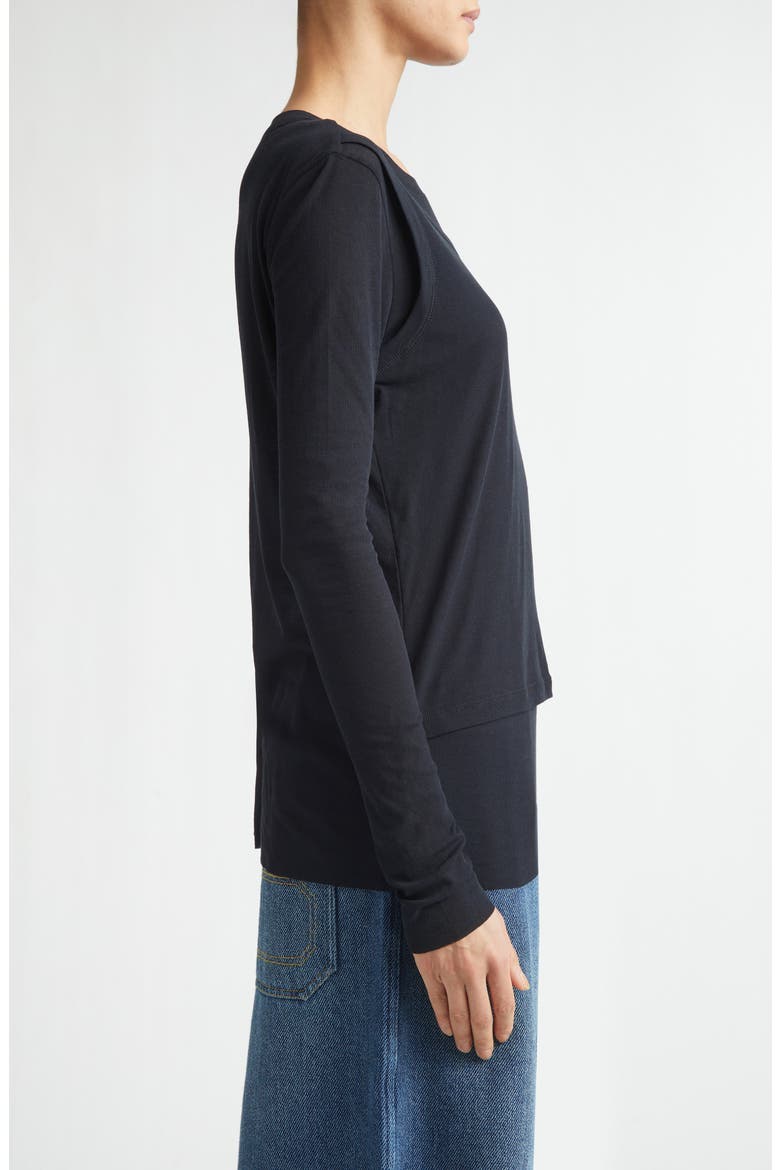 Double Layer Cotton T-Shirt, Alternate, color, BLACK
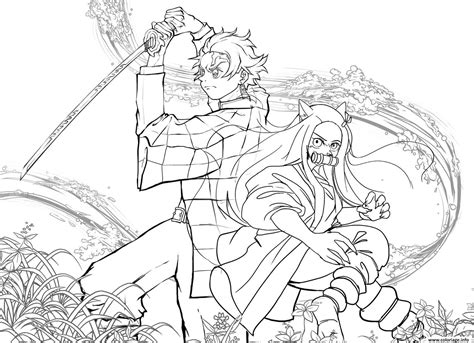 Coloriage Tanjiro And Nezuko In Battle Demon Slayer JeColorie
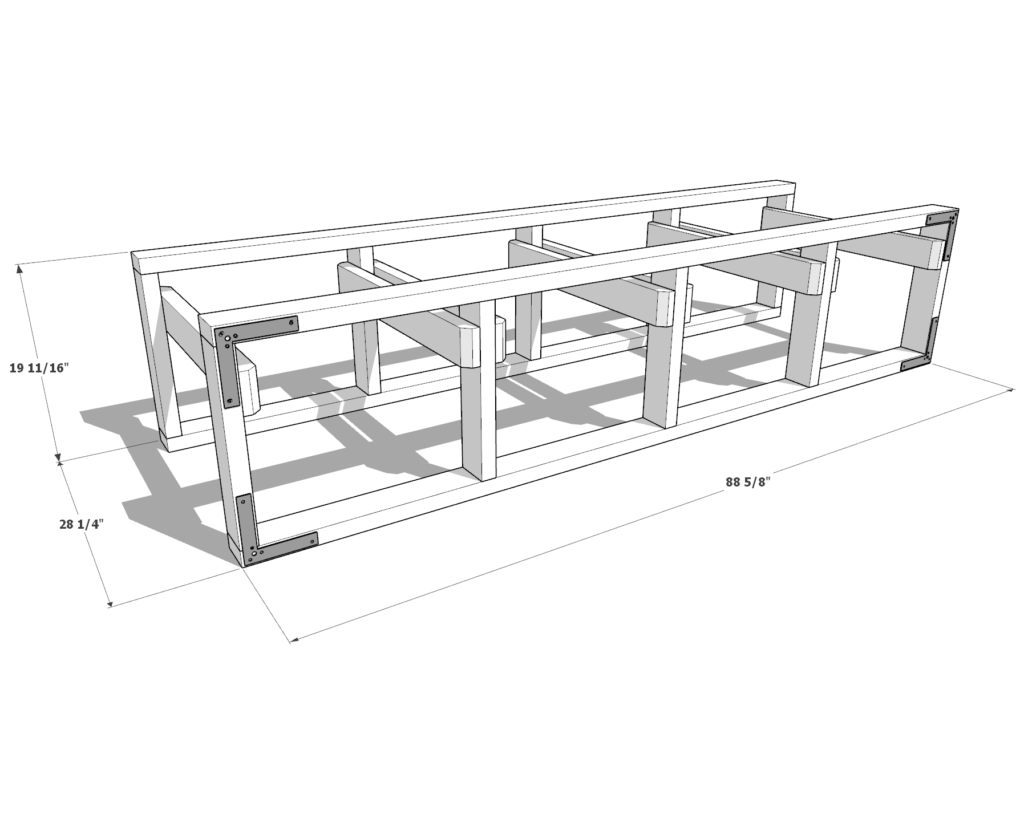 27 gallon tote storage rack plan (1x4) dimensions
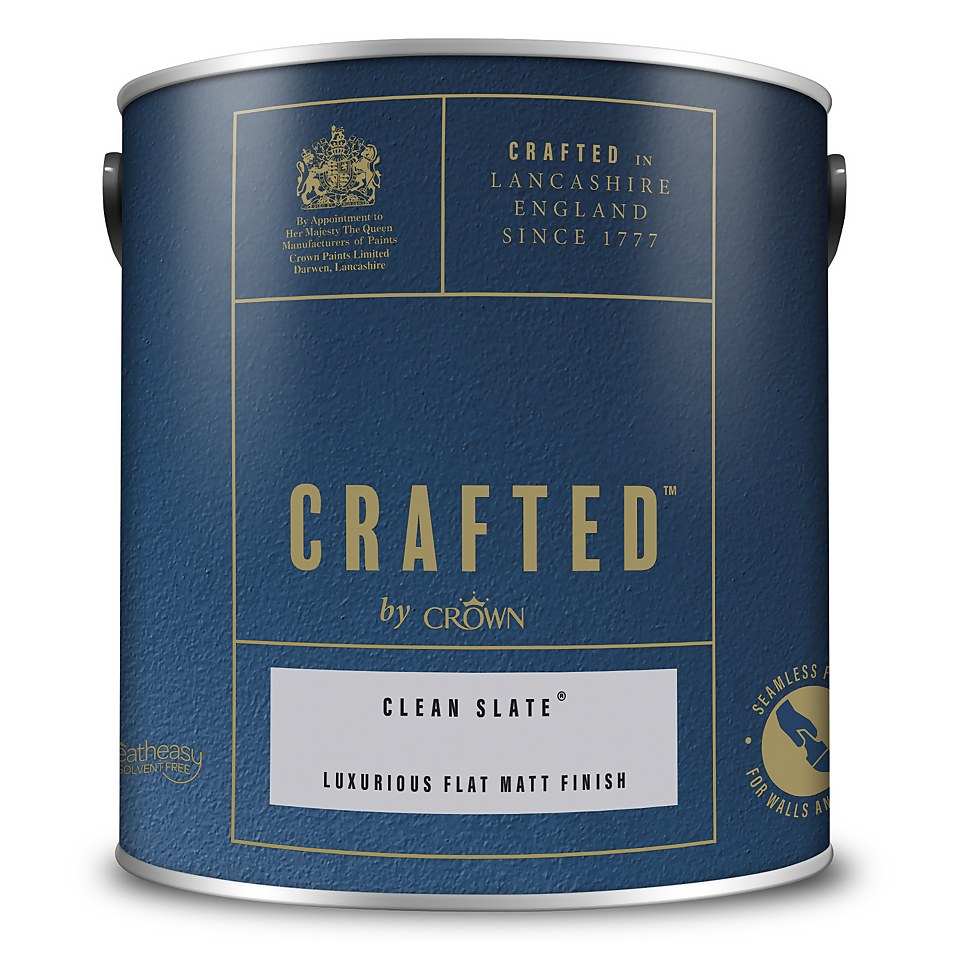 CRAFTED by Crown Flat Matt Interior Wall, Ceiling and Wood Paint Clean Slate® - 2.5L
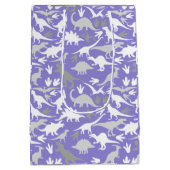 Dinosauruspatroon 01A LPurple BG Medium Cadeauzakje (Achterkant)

####################

### Required work
From the first record to the last, transcribe everything exactly but drop the pictures.

### Completed task
 Double Layer Cotton T-Shirt, Alternate, color, BLACK
 Coloriage Tanjiro And Nezuko In Battle Demon Slayer JeColorie
 27 gallon tote storage rack plan (1x4) dimensions
 CRAFTED by Crown Flat Matt Interior Wall, Ceiling and Wood Paint Clean Slate® - 2.5L
 Dinosauruspatroon 01A LPurple BG Medium Cadeauzakje (Achterkant)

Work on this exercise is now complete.